Creamy Polenta with Green Vegetables & Gremolata
Serves 2
INGREDIENTS:
INGREDIENTS:
For the Polenta
600ml water
75g polenta
Sea salt and freshly ground black pepper
Green vegetables
6 purple sprouting broccolis, cut in half lengthways
6 asparagus, halved
100g fresh or frozen peas (thawed if using frozen)
150g mushrooms (ceps, porcini, chestnut)
Other vegetable options sugar snaps, French beans,
For the Gremolata
2 tbsps fresh flat leaf parsley, finely chopped
2 garlic cloves, crushed
Zest of one small lemon, plus 1-2 teaspoons lemon juice
Extra virgin olive oil
Sea salt and freshly ground black pepper
METHOD:
1. Place the water in a saucepan over a medium heat and season with sea salt and freshly ground black pepper.

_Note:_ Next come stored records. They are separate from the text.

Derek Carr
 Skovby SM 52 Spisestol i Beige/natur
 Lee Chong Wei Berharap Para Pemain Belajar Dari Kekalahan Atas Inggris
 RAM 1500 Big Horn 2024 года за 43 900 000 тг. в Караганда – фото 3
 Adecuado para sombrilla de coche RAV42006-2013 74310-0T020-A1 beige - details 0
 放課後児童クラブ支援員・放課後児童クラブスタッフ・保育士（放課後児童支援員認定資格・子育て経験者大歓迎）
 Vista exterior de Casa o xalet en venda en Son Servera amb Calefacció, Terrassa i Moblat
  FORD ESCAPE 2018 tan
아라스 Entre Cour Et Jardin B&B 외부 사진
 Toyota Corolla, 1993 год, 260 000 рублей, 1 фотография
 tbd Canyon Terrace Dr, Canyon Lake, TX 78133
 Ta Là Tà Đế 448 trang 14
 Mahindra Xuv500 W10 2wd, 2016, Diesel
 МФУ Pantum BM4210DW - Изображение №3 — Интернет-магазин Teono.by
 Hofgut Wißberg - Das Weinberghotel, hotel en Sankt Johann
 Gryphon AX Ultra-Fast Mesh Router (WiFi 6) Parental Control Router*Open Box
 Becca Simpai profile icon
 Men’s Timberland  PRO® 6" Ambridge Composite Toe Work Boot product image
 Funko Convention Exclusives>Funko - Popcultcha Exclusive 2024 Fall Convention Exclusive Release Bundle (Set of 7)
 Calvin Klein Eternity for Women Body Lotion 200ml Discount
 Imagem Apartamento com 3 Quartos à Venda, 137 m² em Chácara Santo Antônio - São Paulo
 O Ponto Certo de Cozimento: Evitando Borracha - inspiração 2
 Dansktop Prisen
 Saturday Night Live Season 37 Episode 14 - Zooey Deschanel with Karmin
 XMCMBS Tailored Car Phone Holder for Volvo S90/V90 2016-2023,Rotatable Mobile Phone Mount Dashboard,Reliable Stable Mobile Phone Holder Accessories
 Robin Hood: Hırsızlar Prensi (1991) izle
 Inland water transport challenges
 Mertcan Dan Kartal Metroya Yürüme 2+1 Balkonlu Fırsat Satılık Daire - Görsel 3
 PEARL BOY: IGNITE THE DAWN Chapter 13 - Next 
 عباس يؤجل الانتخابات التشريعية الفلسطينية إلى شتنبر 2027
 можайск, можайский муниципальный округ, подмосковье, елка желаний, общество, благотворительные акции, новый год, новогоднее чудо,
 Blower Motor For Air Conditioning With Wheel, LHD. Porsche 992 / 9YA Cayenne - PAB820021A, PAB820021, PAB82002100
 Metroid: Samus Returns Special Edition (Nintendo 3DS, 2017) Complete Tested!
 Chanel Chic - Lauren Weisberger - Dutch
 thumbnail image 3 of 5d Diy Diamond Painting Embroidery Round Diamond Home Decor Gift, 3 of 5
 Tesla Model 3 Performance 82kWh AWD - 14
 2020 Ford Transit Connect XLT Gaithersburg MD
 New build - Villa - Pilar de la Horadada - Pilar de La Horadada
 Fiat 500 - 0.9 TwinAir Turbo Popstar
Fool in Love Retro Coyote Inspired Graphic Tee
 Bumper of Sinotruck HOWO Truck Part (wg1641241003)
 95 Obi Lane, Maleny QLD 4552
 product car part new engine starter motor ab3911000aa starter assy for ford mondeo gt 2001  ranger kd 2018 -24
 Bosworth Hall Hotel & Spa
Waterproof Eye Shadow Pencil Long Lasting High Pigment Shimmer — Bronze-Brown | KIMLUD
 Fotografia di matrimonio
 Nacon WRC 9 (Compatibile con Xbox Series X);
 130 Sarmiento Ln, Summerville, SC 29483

Once the water has come to the boil whisk in the polenta. Lower the heat, cover and stir every five minutes. The polenta will take approximately 25 minutes to cook. Once it has cooked stir in a tablespoon of olive oil or butter.
2. While the polenta is cooking make the gremolata. Place all the ingredients in a blender and pulse until you get a thick salsa consistency. Set aside.
3. Next cook the vegetables by placing a large frying pan over a medium heat and adding one tablespoon of olive oil. Then add all the vegetables, season with sea salt and freshly ground black pepper. Cook for five minutes.
4. Spoon the polenta between two warmed bowls, followed by the vegetables and a dollop of the gremolata on top.
Note if the polenta gets to thick, place it back over a low heat and whisk in water to loosen it up.